- WHAT YOU ARE ASKED TO DO: Write out the entries below exactly, starting at the first line and stopping after the line that contains "Hamburger di Pollo Carrefour BIO"; skip all pictures.
[Start of Attachment]
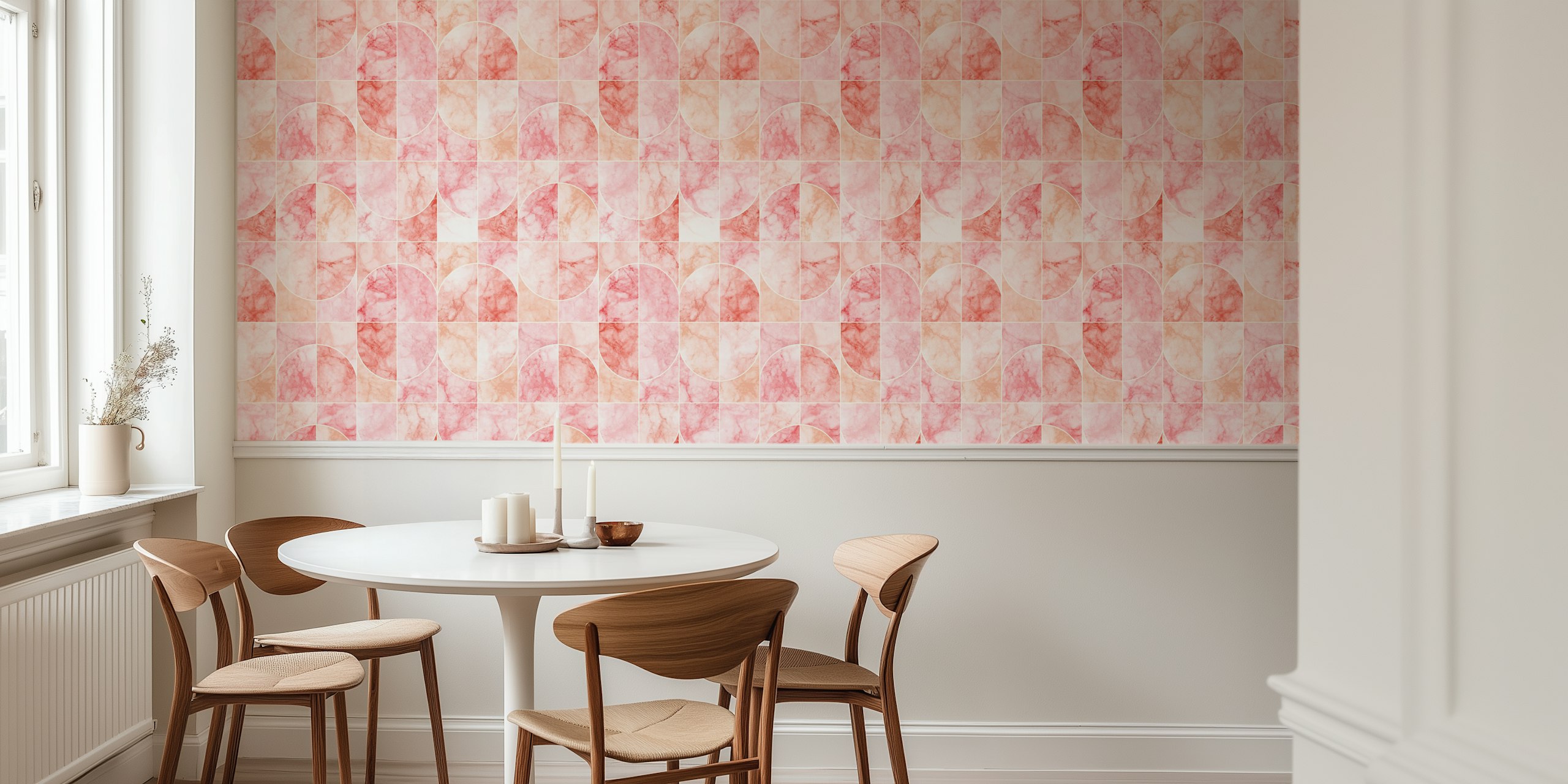 Marbled Geo Tiles Reddish tapet i ett rum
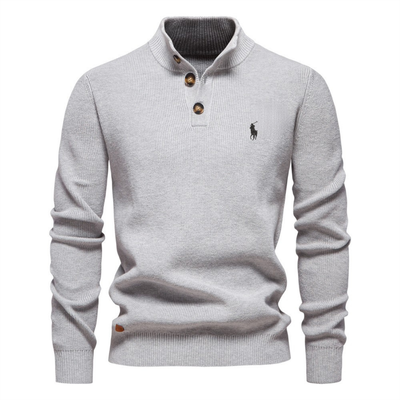 Premium Knit Henley Sweater - Rea
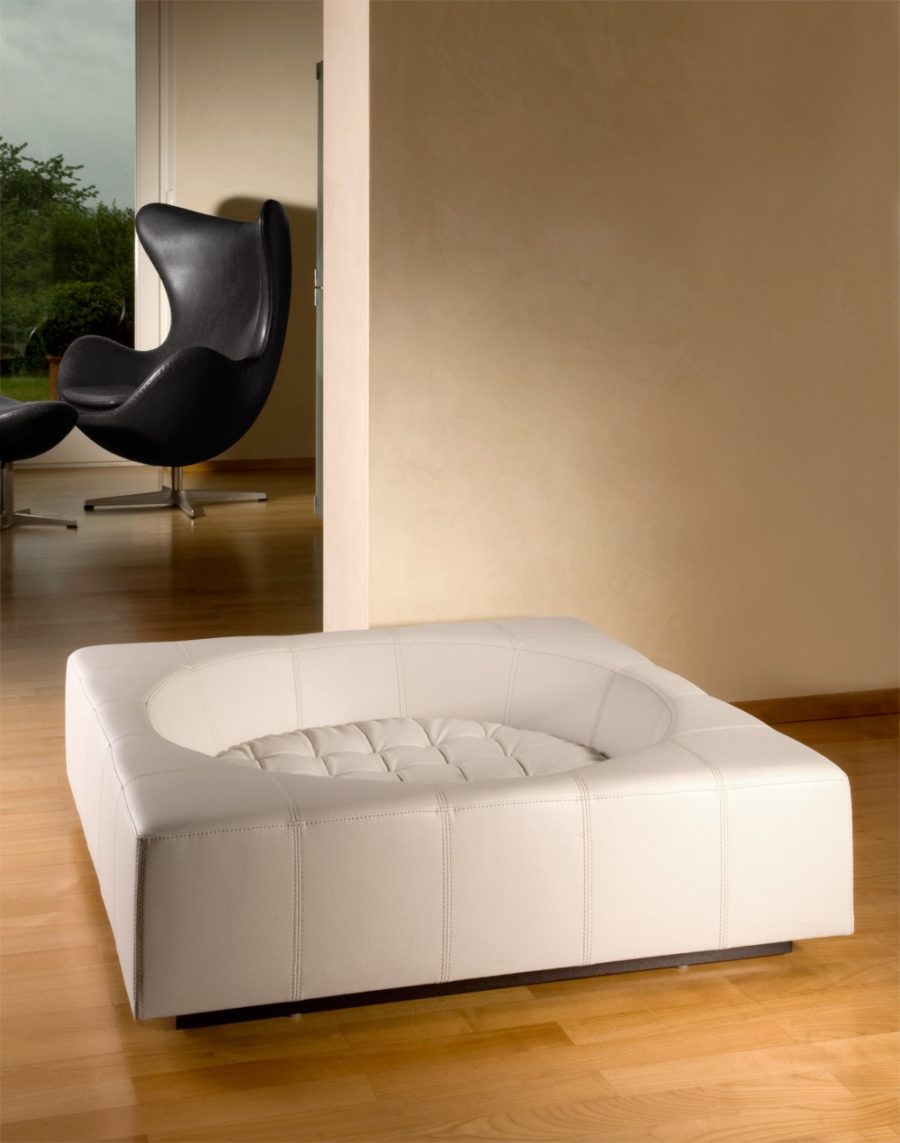 Couchage chien luxe - CUBE carré Cuir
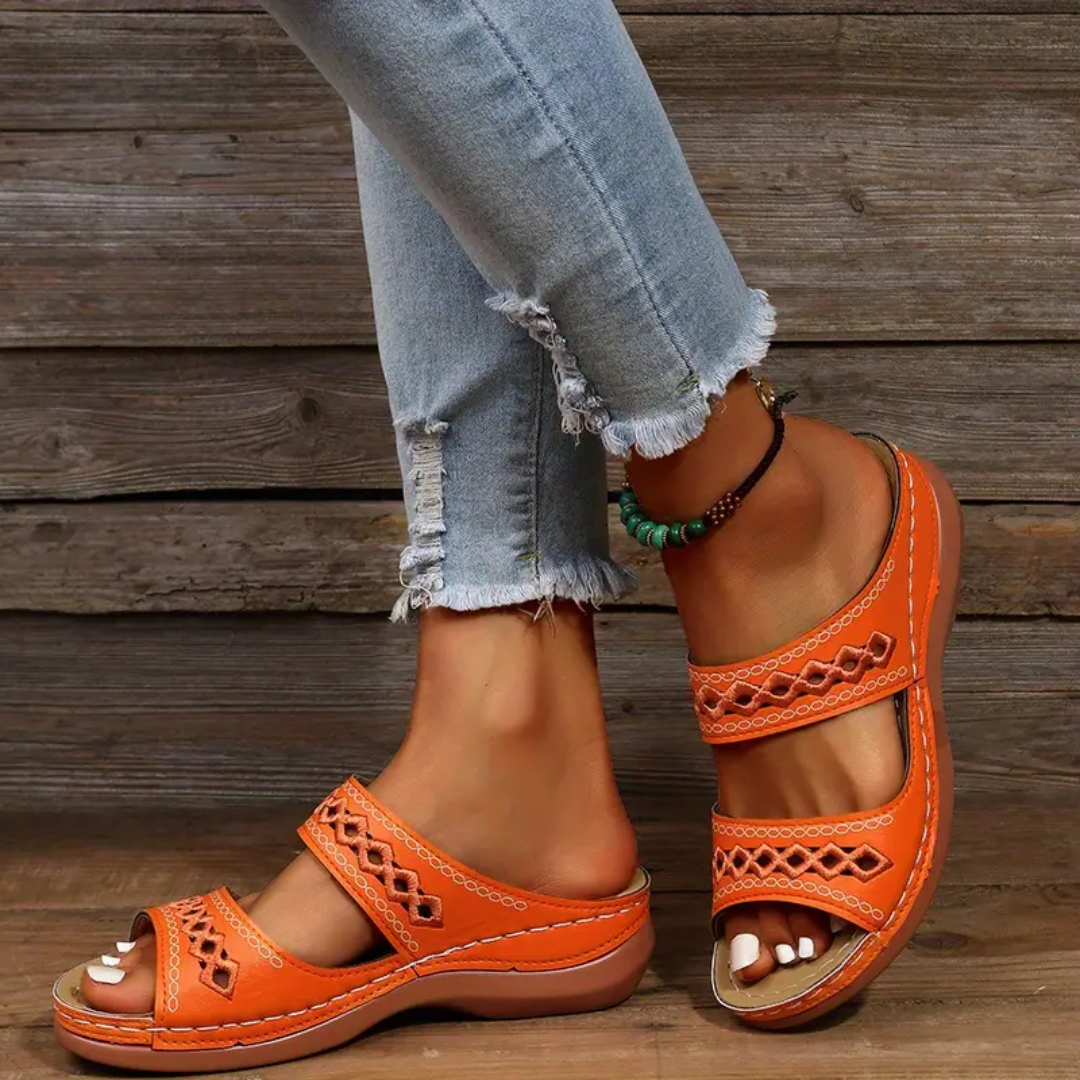 Blisscomfy Arch Support Boho Vintage Slide Sandals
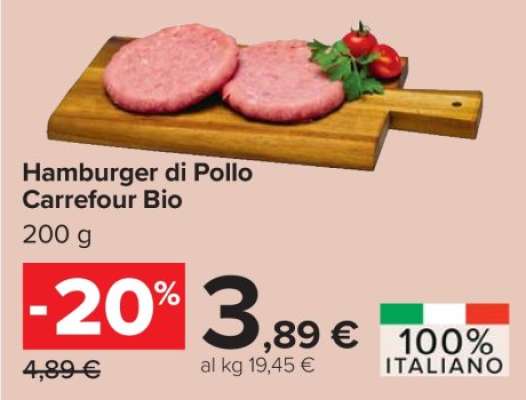 Hamburger di Pollo Carrefour BIO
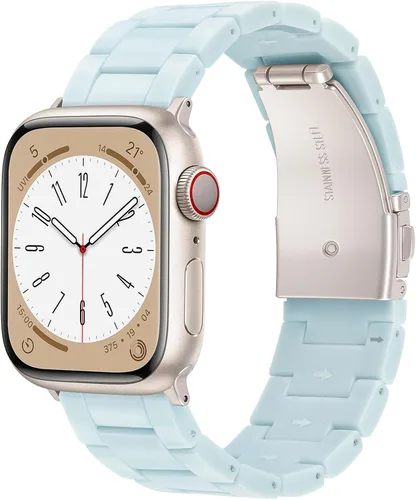 Miniatura 22 de V.R.HOPE Correa de Resina para Reloj Compatible con Apple Watch para Mujeres 38mm 40mm 41mm 42mm Oro Rosa Ligero Pulsera de Pulsera para iWatch Beige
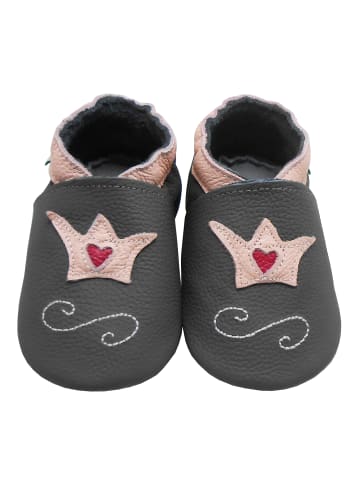 Yalion Leder-Krabbelschuhe "Krone" in Grau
[End of Attachment]
- EXERCISE RESPONSE:
 Marbled Geo Tiles Reddish tapet i ett rum
 Premium Knit Henley Sweater - Rea
 Couchage chien luxe - CUBE carré Cuir
 Blisscomfy Arch Support Boho Vintage Slide Sandals
 Hamburger di Pollo Carrefour BIO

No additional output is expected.